** Supplied material follows **

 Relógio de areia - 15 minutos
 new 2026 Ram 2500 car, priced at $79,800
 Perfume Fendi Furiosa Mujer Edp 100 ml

** End of Supplied material **

#### Required action
Every line from the one containing "new 2026 Ram 2500 car, priced at $79,800" through the final line of the data above is to be restated word for word, and nothing more.

#### Task output
 new 2026 Ram 2500 car, priced at $79,800
 Perfume Fendi Furiosa Mujer Edp 100 ml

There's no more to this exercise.